## [Goal of the exercise]
Your output should be the lines of the entries below, exactly, from the first one through the line that holds "Pearl-Logo Two-Piece Knit".

╭──

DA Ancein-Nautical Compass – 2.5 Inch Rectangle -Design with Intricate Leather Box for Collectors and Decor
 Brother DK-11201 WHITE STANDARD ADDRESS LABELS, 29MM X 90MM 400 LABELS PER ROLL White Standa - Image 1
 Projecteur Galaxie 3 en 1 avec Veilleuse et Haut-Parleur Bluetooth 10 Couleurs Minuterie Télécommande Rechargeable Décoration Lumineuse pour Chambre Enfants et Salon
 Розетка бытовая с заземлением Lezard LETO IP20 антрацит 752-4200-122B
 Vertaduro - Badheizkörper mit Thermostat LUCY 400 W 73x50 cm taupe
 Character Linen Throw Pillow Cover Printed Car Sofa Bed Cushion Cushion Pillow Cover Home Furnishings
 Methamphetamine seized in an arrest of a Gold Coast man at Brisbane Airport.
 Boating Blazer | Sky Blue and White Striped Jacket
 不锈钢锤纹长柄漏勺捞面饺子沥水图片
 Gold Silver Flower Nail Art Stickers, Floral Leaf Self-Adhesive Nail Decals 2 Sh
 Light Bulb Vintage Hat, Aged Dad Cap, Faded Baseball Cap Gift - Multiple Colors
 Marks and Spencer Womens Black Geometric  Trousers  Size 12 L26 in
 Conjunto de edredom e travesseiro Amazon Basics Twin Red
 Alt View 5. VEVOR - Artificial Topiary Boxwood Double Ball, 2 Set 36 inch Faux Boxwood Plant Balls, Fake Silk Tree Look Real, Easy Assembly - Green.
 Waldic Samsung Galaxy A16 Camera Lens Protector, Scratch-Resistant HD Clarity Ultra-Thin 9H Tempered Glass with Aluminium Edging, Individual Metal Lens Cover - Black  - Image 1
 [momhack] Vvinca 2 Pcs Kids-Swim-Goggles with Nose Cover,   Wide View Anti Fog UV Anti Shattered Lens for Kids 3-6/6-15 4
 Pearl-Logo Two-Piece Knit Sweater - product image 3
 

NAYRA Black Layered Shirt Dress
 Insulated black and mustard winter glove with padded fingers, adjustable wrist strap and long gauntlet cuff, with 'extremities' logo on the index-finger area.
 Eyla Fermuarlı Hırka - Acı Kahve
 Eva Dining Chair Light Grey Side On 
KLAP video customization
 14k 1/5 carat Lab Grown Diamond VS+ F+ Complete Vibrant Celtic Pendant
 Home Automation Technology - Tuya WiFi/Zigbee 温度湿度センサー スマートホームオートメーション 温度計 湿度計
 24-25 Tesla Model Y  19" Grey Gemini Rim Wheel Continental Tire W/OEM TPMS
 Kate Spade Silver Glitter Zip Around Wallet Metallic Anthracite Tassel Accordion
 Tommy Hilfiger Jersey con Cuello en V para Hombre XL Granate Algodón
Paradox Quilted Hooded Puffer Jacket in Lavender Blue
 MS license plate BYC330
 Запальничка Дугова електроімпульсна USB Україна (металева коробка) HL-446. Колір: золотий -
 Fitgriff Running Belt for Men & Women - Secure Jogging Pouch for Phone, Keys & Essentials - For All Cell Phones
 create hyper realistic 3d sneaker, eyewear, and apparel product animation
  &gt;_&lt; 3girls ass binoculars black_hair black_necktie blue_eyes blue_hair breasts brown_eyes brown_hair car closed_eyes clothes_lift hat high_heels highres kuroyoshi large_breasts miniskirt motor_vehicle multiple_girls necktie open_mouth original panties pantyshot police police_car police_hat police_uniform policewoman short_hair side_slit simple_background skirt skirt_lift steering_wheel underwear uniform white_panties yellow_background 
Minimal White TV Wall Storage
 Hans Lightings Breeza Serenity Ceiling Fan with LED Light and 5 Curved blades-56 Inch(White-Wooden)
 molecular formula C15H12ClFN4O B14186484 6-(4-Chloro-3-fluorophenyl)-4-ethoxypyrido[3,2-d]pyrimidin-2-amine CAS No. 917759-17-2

╰──

## [Result]
DA Ancein-Nautical Compass – 2.5 Inch Rectangle -Design with Intricate Leather Box for Collectors and Decor
 Brother DK-11201 WHITE STANDARD ADDRESS LABELS, 29MM X 90MM 400 LABELS PER ROLL White Standa - Image 1
 Projecteur Galaxie 3 en 1 avec Veilleuse et Haut-Parleur Bluetooth 10 Couleurs Minuterie Télécommande Rechargeable Décoration Lumineuse pour Chambre Enfants et Salon
 Розетка бытовая с заземлением Lezard LETO IP20 антрацит 752-4200-122B
 Vertaduro - Badheizkörper mit Thermostat LUCY 400 W 73x50 cm taupe
 Character Linen Throw Pillow Cover Printed Car Sofa Bed Cushion Cushion Pillow Cover Home Furnishings
 Methamphetamine seized in an arrest of a Gold Coast man at Brisbane Airport.
 Boating Blazer | Sky Blue and White Striped Jacket
 不锈钢锤纹长柄漏勺捞面饺子沥水图片
 Gold Silver Flower Nail Art Stickers, Floral Leaf Self-Adhesive Nail Decals 2 Sh
 Light Bulb Vintage Hat, Aged Dad Cap, Faded Baseball Cap Gift - Multiple Colors
 Marks and Spencer Womens Black Geometric  Trousers  Size 12 L26 in
 Conjunto de edredom e travesseiro Amazon Basics Twin Red
 Alt View 5. VEVOR - Artificial Topiary Boxwood Double Ball, 2 Set 36 inch Faux Boxwood Plant Balls, Fake Silk Tree Look Real, Easy Assembly - Green.
 Waldic Samsung Galaxy A16 Camera Lens Protector, Scratch-Resistant HD Clarity Ultra-Thin 9H Tempered Glass with Aluminium Edging, Individual Metal Lens Cover - Black  - Image 1
 [momhack] Vvinca 2 Pcs Kids-Swim-Goggles with Nose Cover,   Wide View Anti Fog UV Anti Shattered Lens for Kids 3-6/6-15 4
 Pearl-Logo Two-Piece Knit Sweater - product image 3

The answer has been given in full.